1.5. The definition of "Subordination Agreement" as set forth in Section 1.32
shall be amended to include the Amendment to Subordination Agreement of even
date herewith, entered into between Borrower, Lender, and Senior Creditor.
1.6. The definition of "Warrant Agreement" as set forth in Section 1.36 shall be
amended to include the agreement entered into in connection with Loan II,
substantially in the form attached hereto as Exhibit B-1 pursuant to which
Borrower granted to Lender the right to purchase that number of shares of Series
D Preferred Stock of Borrower as more particularly set forth therein.
SECTION 2. THE LOAN
2.1. LOAN II:
The outstanding principal amount of the Loan II, together with interest
thereon precomputed at the rate of twelve and one quarter (12.25%) percent per
annum, shall be due and payable in six (6) equal monthly installments of
interest only, payable on the first day of each month, followed by five (5)

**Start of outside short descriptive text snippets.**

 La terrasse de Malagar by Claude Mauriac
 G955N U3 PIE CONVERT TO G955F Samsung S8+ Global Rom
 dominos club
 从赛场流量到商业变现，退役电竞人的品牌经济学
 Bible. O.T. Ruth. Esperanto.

equal monthly installments of principal and interest, (such payments being
calculated based on a thirty (30) month amortization of principal and interest),
payable on the first day of each month, to and including the Maturity Date
(each, a "Payment Date") followed by one (I) final Balloon Payment equal to the
remaining principal balance and interest as further set forth in the Note(s). If
any payment under the Note(s) shall be payable on a day other than a business
day, then such payment shall be due and payable on the next succeeding business
day.
In consideration for Loan II, Borrower shall issue Lender a Warrant
Agreement for the purchase of a number of shares of Borrower's Series D
Preferred Stock, in the form of Exhibit B-1 attached hereto.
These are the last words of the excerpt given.